This feature should only be enabled if the whole system supports HACDBS, so 
once one cpu succeeds in request_percpu_irq() every other one should 
succeed as well.

> > +#else
> > +#define hacdbs_acpi_get_irq() (-ENXIO)
> > +#endif
> > +
> > +void __init kvm_hacdbs_init(void)
> > +{
> > +	int irq;
> > +
> > +	/* FEAT_HACDBS is only supported if Linux runs in EL2 (VHE) */
> > +	if (!system_supports_hacdbs() || !is_kernel_in_hyp_mode())
> > +		return;
> > +
> > +	irq = hacdbs_acpi_get_irq();
> > +	if (irq < 0)
> > +		return;
> > +
> > +	if (request_percpu_irq(irq, hacdbsirq_handler, "HACDBSIRQ", &hacdbs_pcp) < 0)
> > +		return;
> 
> [Severity: High]
> If request_percpu_irq() or hacdbs_acpi_get_irq() fails, the function returns
> early. Is there a global flag that needs to be unset to tell KVM that HACDBS
> hardware cleaning is unavailable?

The availability is tracked by hacdbsirq variable. Once it's set, it means 
the whole system supports hacdbs, and the IRQ is available.


> 
> If KVM later assumes hardware support is available and calls
> dirty_bit_clear() unconditionally, it might set the software status to
> HACDBS_RUNNING and wait in a wfi() loop. Since the IRQ is disabled or
> unmapped, the handler would never fire, resulting in a host hang.
>
> 
> Additionally, I have a few questions regarding the implementation of
> dirty_bit_clear() and hacdbs_start(), which appear to interact with the
> features introduced in this patch:
> 
> [Severity: High]
> In dirty_bit_clear(), is an isb() required after the write to HCR_EL2?
>

No, and __load_stage2 will do that anyway if needed, as it also sets 
registers. Also, it's done at the end of hacdbs_start()
 
> dirty_bit_clear() {
>     ...
>     write_sysreg(hcr_el2 | HCR_EL2_VM, HCR_EL2);
>     __load_stage2(&kvm->arch.mmu);
>     ...
> }
> 
> Similarly, in hacdbs_start(), is an isb() required after writing to
> SYS_HACDBSCONS_EL2?
> 

it's done at the end of hacdbs_start.

> hacdbs_start() {
>     ...
>     sysreg_clear_set_s(SYS_HACDBSCONS_EL2,
>                        HACDBSCONS_EL2_ERR_REASON | HACDBSCONS_EL2_INDEX, 0);
> 
>     br = (virt_to_phys(hw_entries) & HACDBSBR_EL2_BADDR_MASK) |
>     ...
> }
> 
> The ARM64 subsystem guidelines indicate that writes to control-plane system
> registers must be followed by an isb() as the very next instruction to
> ensure subsequent instructions do not execute with an architecturally
> undefined pipeline state.
> 

Those intructions are unrelated between themselves, the one at the end of 
hacdbs_start() should be enough.

> [Severity: Critical]
> Does the wfi() loop in dirty_bit_clear() contain a check-then-sleep race
> condition?
> 
> dirty_bit_clear() {
>     ...
>     do {
>         wfi();
>     } while (this_cpu_read(hacdbs_pcp.status) == HACDBS_RUNNING);
>     ...
> }
> 
> Although preemption is disabled, local interrupts are not disabled during this
> check. If the hardware interrupt fires after the condition is checked but
> before the wfi() executes, the CPU could service the interrupt, update the
> status to HACDBS_IDLE, return, and then execute wfi(). The CPU would then
> sleep indefinitely, causing a host hard lockup.

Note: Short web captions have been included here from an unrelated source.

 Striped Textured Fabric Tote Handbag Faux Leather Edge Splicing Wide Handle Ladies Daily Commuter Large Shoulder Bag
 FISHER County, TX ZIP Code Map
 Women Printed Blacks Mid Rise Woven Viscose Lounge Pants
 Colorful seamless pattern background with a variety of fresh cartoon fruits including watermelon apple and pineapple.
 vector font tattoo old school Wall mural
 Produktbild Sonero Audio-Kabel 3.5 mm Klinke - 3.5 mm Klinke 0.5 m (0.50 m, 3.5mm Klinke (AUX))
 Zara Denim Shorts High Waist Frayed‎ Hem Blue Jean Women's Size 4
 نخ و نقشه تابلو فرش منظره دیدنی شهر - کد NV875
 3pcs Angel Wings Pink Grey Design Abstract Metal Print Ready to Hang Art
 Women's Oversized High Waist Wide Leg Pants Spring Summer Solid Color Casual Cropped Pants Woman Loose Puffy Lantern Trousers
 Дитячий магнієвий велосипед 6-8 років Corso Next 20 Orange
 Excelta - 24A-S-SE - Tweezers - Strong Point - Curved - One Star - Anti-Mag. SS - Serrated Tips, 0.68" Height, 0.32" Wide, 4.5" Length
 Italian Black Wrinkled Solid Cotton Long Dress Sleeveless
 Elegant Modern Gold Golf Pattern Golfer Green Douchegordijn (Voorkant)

Until the next interrupt, though. Very unlikely, but possible.

Maybe a WFIT (timeout), then?

> 
> [Severity: High]
> In hacdbs_start(), is a memory barrier like `dmb ish` required before starting
> the hardware engine?
> 
> hacdbs_start() {
>     ...
>     if (size_b < size_p2)
>         hw_entries[size] = HDBSS_ENTRY_VALID | HDBSS_ENTRY_TTWL_RESV;
>     ...
>     write_sysreg_s(br, SYS_HACDBSBR_EL2);
>     isb();
> }
> 
> A sentinel stop entry is written to the memory buffer before writing to
> SYS_HACDBSBR_EL2 to enable the engine. Since system register writes are not
> inherently ordered with respect to memory stores, the hardware engine might
> begin reading before the stop entry is visible in coherent memory.
> 

And that could mean possibly running though entries that are not supposed 
to be valid, but could be because we are talking about random data.
So we need to make sure the write buffer is clear before setting the 
register.

Thanks
Leo